The bishop Maranʿemmeh of Beth Daron was present at the consecration of the patriarch Makkikha II in 1257.

The bishop Maranʿemmeh 'of Badhial', probably the same man, was present at the consecration of the patriarch Denha I in 1265.

The bishop Sliba-zkha of Beth Daron was present at the consecration of the patriarch Yahballaha III in 1281.

The bishop Isaac of Beth Daron was present at the consecration of the patriarch Timothy II in 1318.

=== Qasr and Nahrawan ===
The diocese of Qasr is first mentioned in connection with an incident that took place in the reign of Sliba-zkha (714–28), when the caliph ʿAbd al-Malik visited 'the church of the throne that is called the "White Fortress" (al-qasr al-abyad)'.

The future patriarch Ishoʿyahb IV (1020–5) was consecrated bishop of Qasr and Nahrawan during the reign of the patriarch ʿAbdishoʿ I (963–86) and remained its bishop until he was elected patriarch in 1020. He wrote an account of an incident that took place at Qasr in ʿAbdishoʿ's reign, during an inundation of the Tigris, which was later quoted at length by the historian Mari.

Yohannan Abu Nasr Ibn al-Targhal, a scribe in the Greek palace, was consecrated bishop of 'al-Qasr and al-Nahrawan' by the patriarch Eliya I in al-Madaʿin immediately after his consecration in 1028. He was appointed patriarch in 1049.

Naʿaman Ibn Saʿada was consecrated bishop of 'al-Qasr' at an unknown date during the reign of the patriarch ʿAbdishoʿ II (1074–90).

The bishop Yohannan of Qasr and Nahrawan was present at the consecration of the patriarch Eliya II in 1111.

=== Nifr, Nil and al-Nuʿmaniya ===
The bishop Eliya of al-Nuʿmaniya guarded the patriarchal throne after the death of the patriarch Yohannan V in 1011, as the diocese of Kashkar was vacant at the time.

An unnamed bishop of Nil was present at the consecration of the patriarch Eliya I in 1028.

The bishop Mari 'of Nifr and al-Nil' was present at the consecration of the patriarch ʿAbdishoʿ II in 1074. He died about three months afterwards, and was replaced as bishop of Nil by Sargis, "a disciple of the patriarchal cell". At the same time ʿAbdishoʿ II consecrated the bishop Nestorius of al-Nuʿmaniya metropolitan of 'Brah' (possibly Bardaʿa), and placed the diocese of al-Nuʿmaniya under the authority of Sargis.

The bishop Sargis of 'al-Nil and al-Nuʿmaniya', probably the same man, was present at the consecration of the patriarch Makkikha I in 1092.

=== Beth Waziq ===
The monks Elishaʿ and Giwargis of the monastery of Beth ʿAbe became bishops 'of Khanishabur, that is Beth Waziq', at unknown dates in the second half of the eighth or the first half of the ninth century.

An unnamed bishop of Beth Waziq (al-Bawazikh) was present at the consecration of the patriarch Eliya I in 1028.

The bishop Narsai of Beth Waziq was a friend of the East Syrian author Shlemun of Basra, and in 1222 Shlemun dedicated his Book of the Bee to him.

The bishop Shemʿon of al-Bawazikh was present at the consecration of the patriarch Makkikha II in 1257.

The bishop Brikhishoʿ of al-Bawazikh was present at the consecration of the patriarch Denha I in 1265.

The bishop Yohannan of Beth Waziq was present at the consecration of the patriarch Timothy II in 1318.

== Topographical survey ==

=== Baghdad ===
Baghdad, the capital of the Abbasid Caliphate, was the seat of the East Syrian patriarchs between the eighth and thirteenth centuries, and is frequently mentioned in the various literary sources in connection with the ceremonies attending their elections, consecrations, and burials.

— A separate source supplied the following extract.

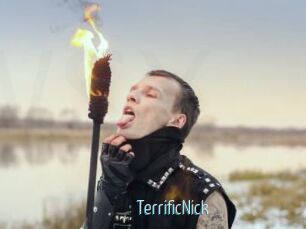 TerrificNick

These sources mention several East Syrian monasteries and churches in or near Baghdad used as residences by the East Syrian patriarchs at different periods, and the relevant references have been conveniently collected by the French scholar J. M. Fiey, who also precisely localised most of the sites concerned. The patriarchal residences included the monastery of Klilishoʿ, also called 'the patriarchal monastery' (Dair al-Jathaliq), residence and burial place of the patriarch Timothy I (780–823) and several of his ninth-century successors; the monastery of Mar Pethion, residence of the patriarch Sabrishoʿ II (831–5); the church of Asbagh in the al-Shammasiya quarter, residence and burial place of the patriarch Yohannan II Bar Narsaï (884–91); the nearby 'Greek Palace' (Darta d'Romaye, Dar al-Rum), residence and burial place of sixteen of the seventeen patriarchs from Yohannan III (893–9) to Eliya II (1111–32); the monastery of ʿAbdon to the north of Baghdad, burial place of the patriarch Abraham III (906–37); the church of Mar Sabrishoʿ in the Suq al-Thalatha quarter, burial place of the patriarchs Bar Sawma (1134–6), Ishoʿyahb V (1149–75) and Eliya III (1176–90); the church of Mart Maryam of Karkh, residence and burial place of the patriarchs Yahballaha II (1190–1222), Sabrishoʿ IV (1222–4) and Sabrishoʿ V (1226–56); and the palace of Duwaidar ʿAla al-Din, burial place of the patriarchs Makkikha II (1257–65) and Denha I (1265–81).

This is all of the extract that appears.